Em 1958, Mao Tsé-Tung, o líder da República Popular da China, lançou a campanha do Grande Salto Adiante com objetivo de transformar rapidamente o país de uma economia agrária em uma sociedade socialista. O projeto visava o rápido desenvolvimento dos setores agrícola e industrial da China que deveriam ocorrer paralelamente. A esperança era se industrializar em tempo recorde, utilizando a oferta massiva de mão de obra barata e evitar a importação de máquinas pesadas.
A mobilização em massa de trabalhadores, especialmente camponeses, foi canalizada para três setores: a) aumentar a irrigação, realizando trabalhos de controle de enchentes e renovação da terra; b) aumentar a produtividade agrícola; c) expandir a produção industrial por meio de pequenas indústrias locais.
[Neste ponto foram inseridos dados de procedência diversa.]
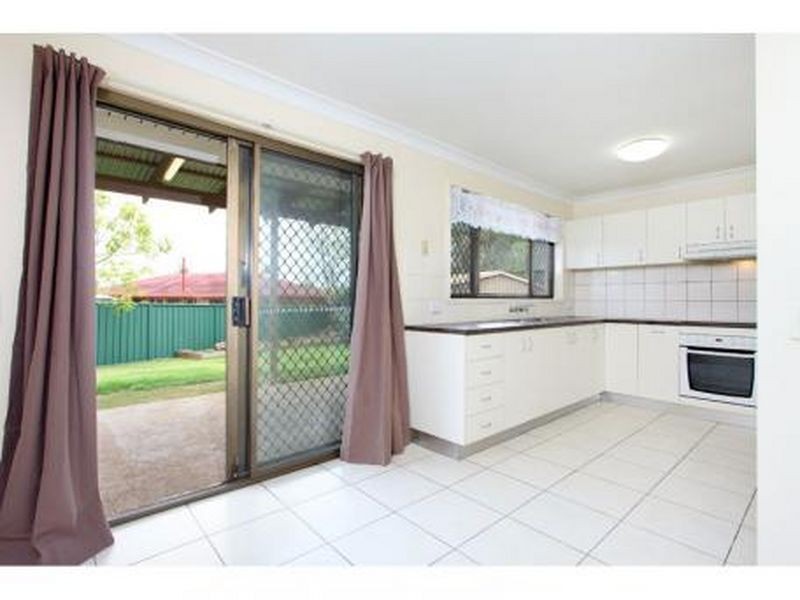 3 Monak Street, Runcorn QLD 4113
Cerca de 650 milhões de chineses foram mobilizados em todo país para mudar a aparência da China com a construção de novas rodovias, fábricas, diques, represas, lagos e cultivos de grandes extensões de terra coletivizadas.
O povo acreditava no presidente Mao. A confiança abriu as portas para a utopia e a ilusão. Nesse contexto, líderes comunitários extremamente leais à causa, elaboraram metas ambiciosas do Grande Salto. Os especialistas – economistas, engenheiros, agrônomos etc. – foram deixados de lado, considerados “burgueses” capitalistas. Mao acreditava no sucesso das forças produtivas apenas pela mobilização em massa.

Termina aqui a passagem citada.